• **Task description**
None of the images should appear in your copy. Transcribe the data in full.
── Data for this exercise
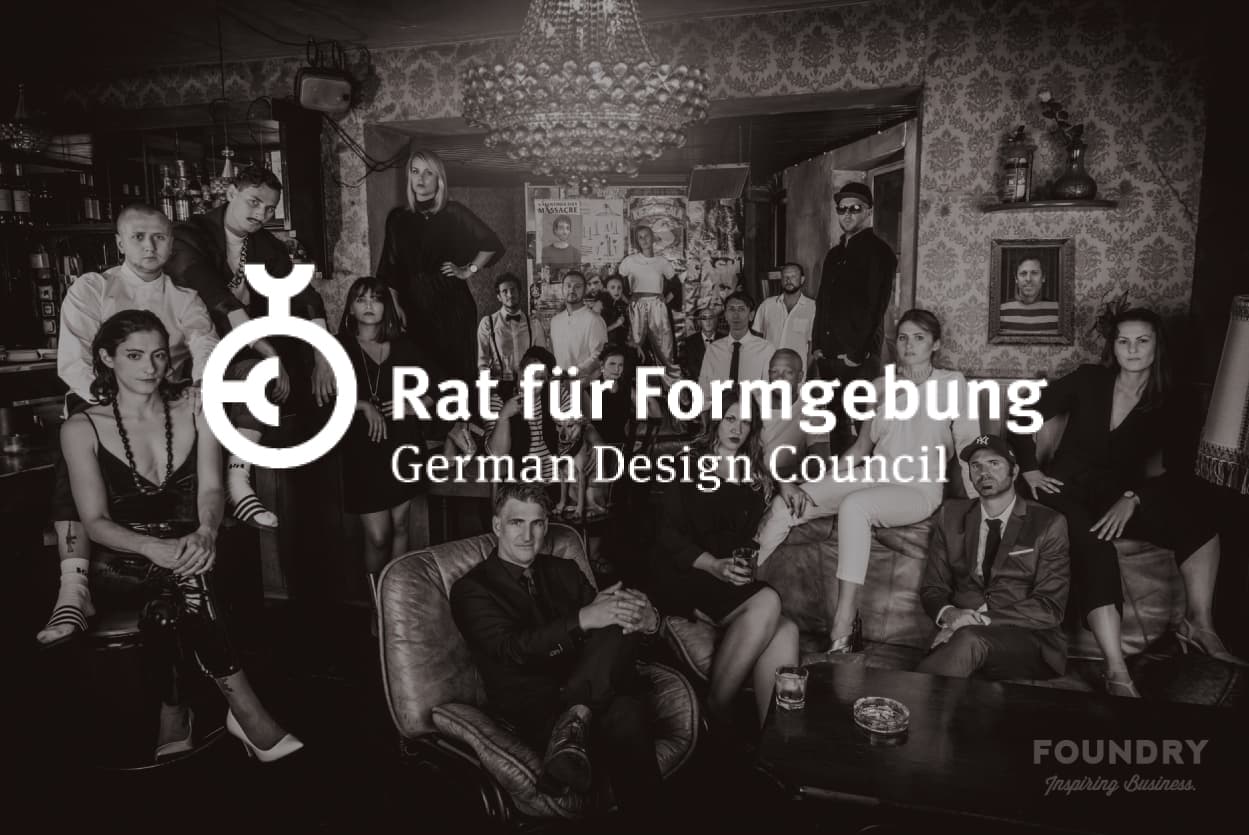 foundry digital agency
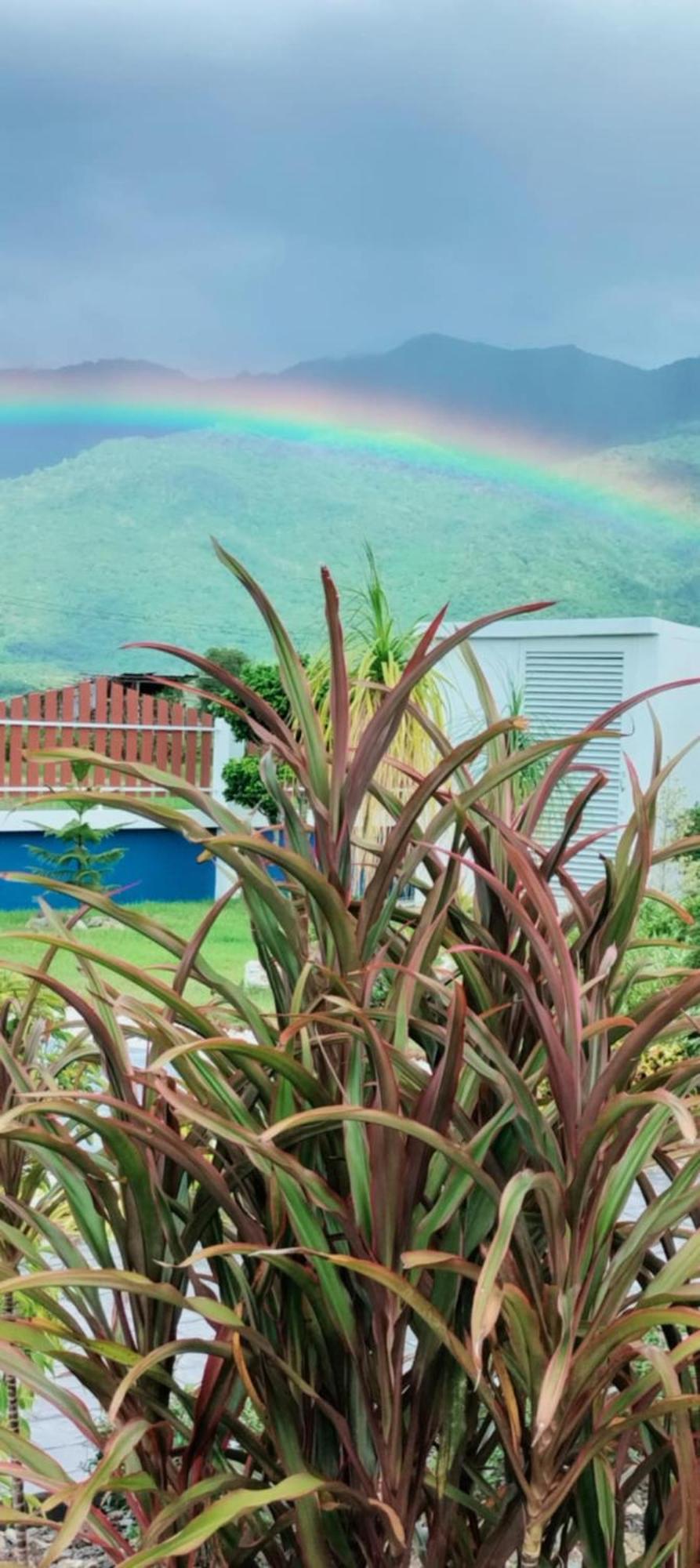 Poonsap Homestay Nan Exterior foto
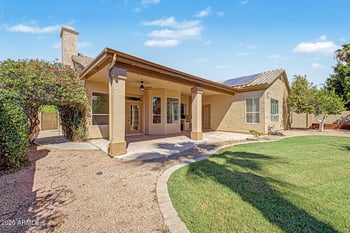 191 N Acacia Dr, Gilbert, AZ 85233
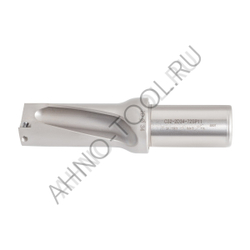 Сверло корпусное C32-2D34-72SP011 ACCKee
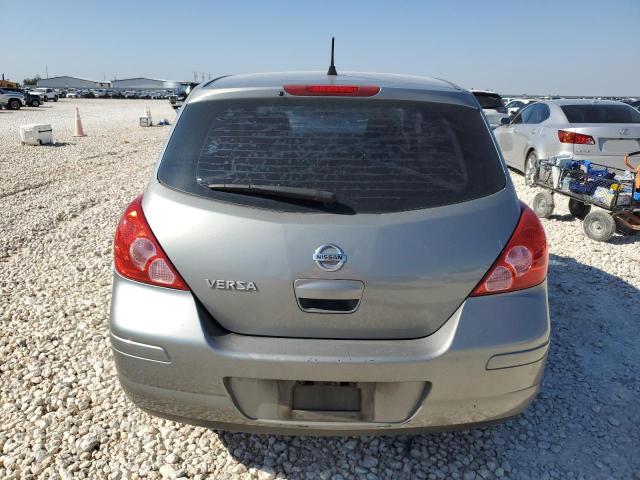 Photo 6 from auction – 2012 NISSAN VERSA S with VIN 3N1BC1CPXCK216596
────
• **Solution below**
 foundry digital agency
 Poonsap Homestay Nan Exterior foto
 191 N Acacia Dr, Gilbert, AZ 85233
 Сверло корпусное C32-2D34-72SP011 ACCKee
 Photo 6 from auction – 2012 NISSAN VERSA S with VIN 3N1BC1CPXCK216596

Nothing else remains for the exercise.